Statistics with Resampling - the Technique

By Robin Verhoef in R Statistics

June 2, 2020

In this post, I will try to explain the three base parts of every resampling experiment and explain the relevant code I use for those parts. I hope that after this, you will be able to work from this base and create your own experiments


The first part of any experiment is the setup. In this part, I ensure repeatability, set up our variables and also the place where we want to store our results. First, I add a seed. The function set.seed() sets a starting point for generating random numbers and makes sure that I get the same set of random numbers every time. Secondly, I specify how many times I want to repeat an experiment. This number also determines how many outputs I will get. If I am only interested in 1 outcome, I will create a vector which is filled with NA values to reserve space and fill these along the way. If I was interested in multiple outcomes, I would make multiple vectors. Lastly, sometimes there will be a dataset from which you will be sampeling. In this case, I will check how often you get a pair in a hand of 5 cards. As data, I will use the numbers from 1 to 13 to represent the 13 different cards and repeat them 4 times for the 4 suits in a deck.

set.seed(20200609) # Set a starting point for all random numbers
reps <- 1000 # Number of times we want to run the experiment
results <- rep(NA, times = reps) # Repeat the value NA for reps times
data <- rep(1:13, times = 4) # Repeat the numbers 1-13 4 times


This is where the fun part starts. Here, you get to think about what you actually want to measure and how you can explain that to a computer. This is the part where you can go crazy with experimentation and complexity. To start, I added a for loop which will run reps times. Then, I add the draw of the hand of cards using sample() and store the result in hand. To count the numbers in the hand and find if there is a pair, I will use the table() function.

for (i in 1:reps) { # i will increase from 1 to reps in steps of 1
  hand <- sample(data, size=5) # Draw 5 numbers from data
  numbers <- table(hand) # Table contains a name-row with numbers and a row with how often those numbers appear
  results[i] <- 0 # Default is no pair
  for (count in numbers){ # If you loop over the table, you will only get the counts of numbers
    if (count >= 2){ # If we have a card twice or more
      results[i] <- 1
      break # Stop the loop once a pair is found


Once the experiment has run without any error, you can take a look at the results of the experiment. With a simple yes-no experiment like this, the results are not very exciting since making nice graphics out of this is not very sensible. With this experiment I think that a single number probability is enough of an answer. As you can see from the small bit of code, we get a clear answer. The mathematical answer would be that the chance of a pair or more is equal to \(1 - 52/52 * 48/51 * 44/50 * 40/49 * 36/48 = 1 - (52*48*44*40*36)/(52*51*50*49*48) = 1 - (44*40*36)/(51*50*49)\). This is 1 - the chance of getting 5 unique numbers.
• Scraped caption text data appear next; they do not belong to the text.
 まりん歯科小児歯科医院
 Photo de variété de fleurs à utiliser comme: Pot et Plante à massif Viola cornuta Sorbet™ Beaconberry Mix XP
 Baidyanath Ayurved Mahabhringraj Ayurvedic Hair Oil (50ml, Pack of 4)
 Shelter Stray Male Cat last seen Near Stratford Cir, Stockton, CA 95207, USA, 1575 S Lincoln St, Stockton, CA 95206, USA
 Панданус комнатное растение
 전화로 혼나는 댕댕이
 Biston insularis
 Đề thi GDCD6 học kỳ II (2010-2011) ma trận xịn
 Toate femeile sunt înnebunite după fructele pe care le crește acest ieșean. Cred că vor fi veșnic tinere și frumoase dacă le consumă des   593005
number_of_pairs <- sum(results) # Since pairs are coded as a 1, the total number of pairs is equal to the sum of results
probability_of_pair <- number_of_pairs / reps # Percentage of experiments where a pair is drawn
## [1] 0.515
maths <- 1 - (44*40*36)/(51*50*49)
## [1] 0.4929172

As you can see from the numbers, the simulated number does not differ a lot from the theoretical one and if you increase the amount of repetitions, it should get closer to the theoretical ideal. I find the code much easier to understand than the mathematical reasoning and I hope I was able to make resampling a little clearer for you.